NOAA Fisheries Service OK’s Only Partial Season Closure of Scallop Dreding to Protect Sea Turtles
Oceana Supports First-Time Decision to Use Time and Area Closures butCalls for Stronger Action To Protect Turtles from Collisions with Dredges
Press Release Date: June 8, 2006
Location: Washington
Contact:
Dustin Cranor, APR | email: dcranor@oceana.org | tel: 954.348.1314
The National Marine Fisheries Service today announced new rules for the Atlantic scallop fishery, which for the first time will use time and area closures of scallop fishing grounds to protect threatened and endangered sea turtles from being injured and killed in underwater collisions with fast-moving two-ton dredges of the commercial scallop fishery.
NOAA Fisheries Service announced that the fishing area commonly referred to as the Elephant Trunk Access Area off the Delmarva coast will be closed to scallop dredgers from September 1-October 31, 2006 through 2012. In 2002 the federal government’s at-sea observers began reporting high numbers of sea turtles being injured or killed in scallop dredges in the Mid-Atlantic. Since then, Oceana has advocated to close scallop dredging areas for at least the full three months that turtles migrate most heavily through the area.
“As we noted at the time this New England Fishery Management Council proposal was submitted to NOAA, this is a first, though inadequate, step to reduce scallop dredge collisions with threatened and endangered sea turtles,” said David Allison, director of Oceana’s Campaign to Stop Destructive Trawling. “Much more needs to be done.”
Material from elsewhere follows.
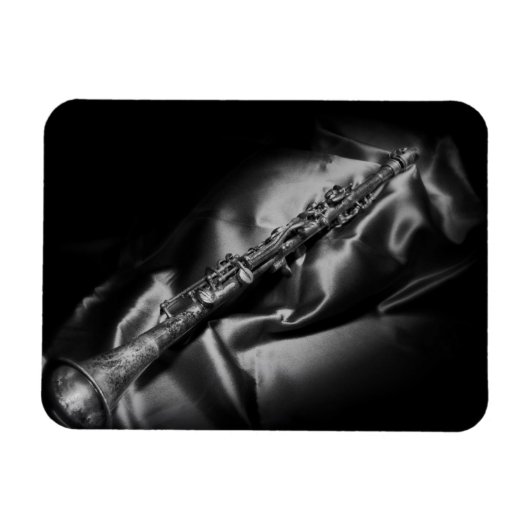 Magnet Flexible Nature morte de clarinette ancienne, N&B (Horizontal)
“While this decision does, finally, provide some protection for sea turtles with little cost to the commercial fishery, the government seems more interested in appearing to be taking meaningful action than in actually providing permanent real protection for threatened and endangered sea-turtles,” said Allison. “The failure of the council to propose, or of NOAA to insist on, permanent time and area closures is particularly disturbing, since scallopers will be able to access the Elephant Trunk area to dredge up the scallops during the remainder of the year.”
Government scientists reported that the offshore commercial Atlantic sea scallop fishery killed more than 700 threatened loggerhead sea turtles from 2002 to 2004. Scallop dredges often span 15 feet and are made of steel chain links and bars that weigh more than two tons. They move through the water at speeds of four to five knots per hour when they encounter the sea turtles. Scallop dredges most often run into the turtles off the Mid-Atlantic coast during summer months, when sea turtles migrate to northern waters off New York, New Jersey, Delaware and Maryland to feed.
Until today’s ruling, the federal government, the New England Fishery Management Council and the industry had not taken action to protect sea turtles, even though federal reports showed that the fishery maimed and killed hundreds of sea turtles in the past several years.
“There are remaining problems with scallop dredges that need to be addressed, but at least today’s action reflects the government’s knowledge that we should and we can protect sea turtles and still realize all of the economic benefits of fishing for scallops,” said Allison. “The councils should act on that knowledge and enact permanent time and area closures of the scallop fishery for the entire duration of the sea-turtle migrations.”